Below are lines of records; copy exactly those from the one containing "Used Renault Clio" through the one containing "DreamBid. Zdjęcie 12.", leaving the pictures behind.

> Material supplied
= Beginning of Section =
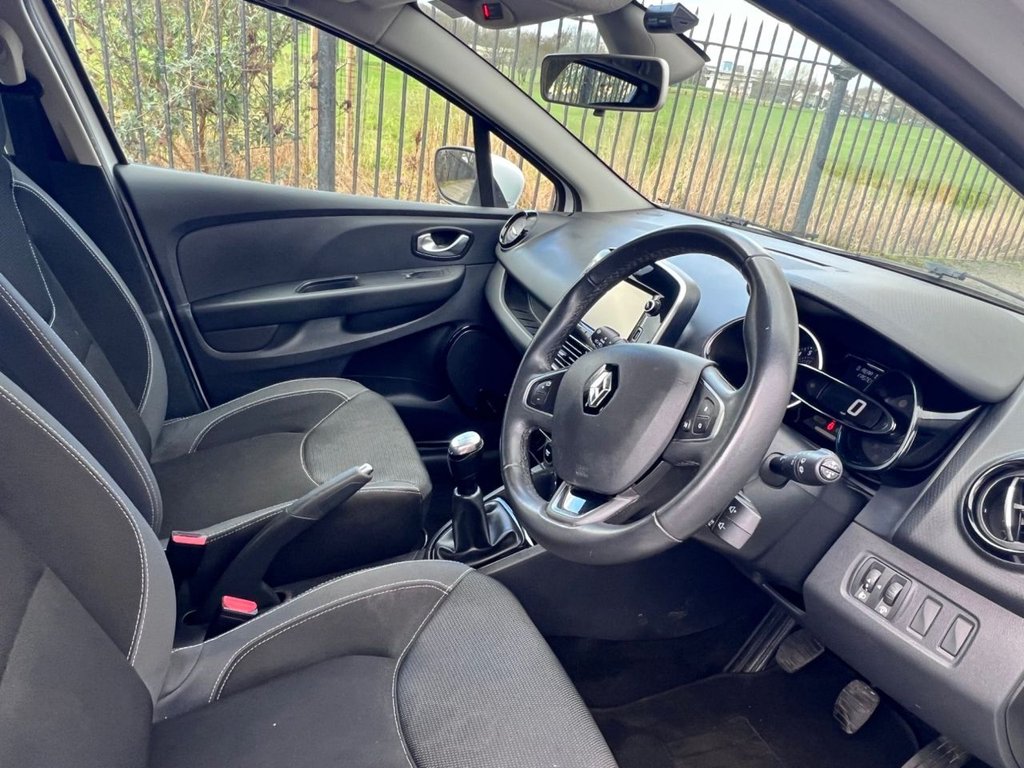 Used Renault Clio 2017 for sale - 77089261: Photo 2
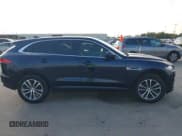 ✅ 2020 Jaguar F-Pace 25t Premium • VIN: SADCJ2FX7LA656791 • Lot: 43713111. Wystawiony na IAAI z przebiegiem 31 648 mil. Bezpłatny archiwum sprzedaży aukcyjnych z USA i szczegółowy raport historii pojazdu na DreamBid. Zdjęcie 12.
= End of Section =
= Beginning of Section =
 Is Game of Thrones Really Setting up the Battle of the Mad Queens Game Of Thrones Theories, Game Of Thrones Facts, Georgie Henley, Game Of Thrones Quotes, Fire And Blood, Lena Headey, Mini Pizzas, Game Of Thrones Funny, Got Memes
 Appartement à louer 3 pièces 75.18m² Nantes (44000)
= End of Section =
> Solution
 Used Renault Clio 2017 for sale - 77089261: Photo 2
 ✅ 2020 Jaguar F-Pace 25t Premium • VIN: SADCJ2FX7LA656791 • Lot: 43713111. Wystawiony na IAAI z przebiegiem 31 648 mil. Bezpłatny archiwum sprzedaży aukcyjnych z USA i szczegółowy raport historii pojazdu na DreamBid. Zdjęcie 12.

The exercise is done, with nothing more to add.